As defined in the Tier 1 Agreements:

"Good reason" means: (1) a material adverse change in authority, powers, functions, duties or responsibilities; (2) a material reduction in salary or bonus opportunity; (3) a failure to maintain material employee benefit or compensation plans; (4) a reassignment of the executive to an office location more than 50 miles from the executive's current location; or (5) a failure by Aon to require a successor to assume Aon's obligations under the severance agreement, and

"Cause" means: (1) a material breach by the executive of the executive's duties and responsibilities which is demonstrably willful and deliberate, which is committed in bad faith or without reasonable belief that the breach is in the best interests of Aon and which is not remedied in a reasonable period of time after receipt of written notice from Aon of such breach; (2) gross misconduct, theft, fraud, breach of trust or any act of dishonesty by the executive which results in material harm to Aon; or (3) the commission by the executive of a felony involving moral turpitude.

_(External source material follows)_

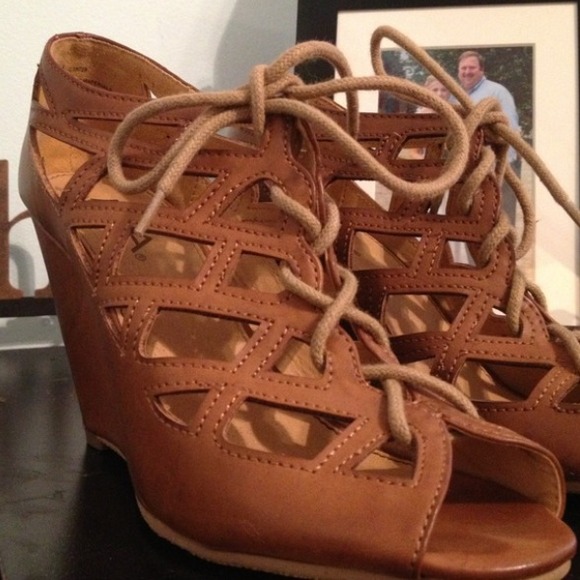 Tan MIA wedges worn once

Each Tier 1 Agreement between Aon and each Tier 1 Executive also requires that Aon maintain medical, dental and life insurance on behalf of Tier 1 Executives other than Mr. Case for two years (with regard to Mr. Case, for three years), or, if earlier, until the executive becomes eligible for substantially equivalent benefits from another employer. In addition, all share options and other equity awards will become fully vested and each option will remain exercisable until the expiration of its term. The agreements for executives not based in the United States were modified to conform to local benefit practices and to comply with local laws.

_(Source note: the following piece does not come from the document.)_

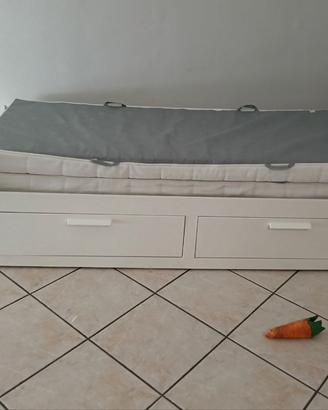 divano letto IKEA BRIMNES con 2 cassetti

A "change-in-control" for purposes of the agreements generally occurs upon any of the following: (a) an acquisition of 30% or more of either outstanding Ordinary Shares or the combined voting power of the outstanding securities entitled to vote; (b) a change in the majority of the current Board; (c) a reorganization, merger or consolidation or sale or other disposition of all or substantially all of the assets of Aon (unless (i) the existing shareholders receive more than 60% of the outstanding Ordinary Shares and the combined voting power of the surviving company, as the case may be, (ii) no person or group owns 30% or more of the outstanding Ordinary Shares or combined voting power of the surviving company and (iii) there is no change in the majority of the Board); or (d) a liquidation or dissolution of Aon.

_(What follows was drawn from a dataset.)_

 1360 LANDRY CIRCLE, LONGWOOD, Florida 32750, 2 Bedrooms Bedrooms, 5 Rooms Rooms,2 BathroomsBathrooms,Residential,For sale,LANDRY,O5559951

As a condition to the receipt of payments and benefits pursuant to the Tier 1 Agreement, the executive is required to enter into an agreement with Aon providing that the executive will not compete with Aon or solicit employees or customers of Aon for a two-year period and will not use or disclose any confidential information of Aon. In addition, the Tier 1 Agreement provides for a full release by the executive of claims in connection with the payment of severance benefits.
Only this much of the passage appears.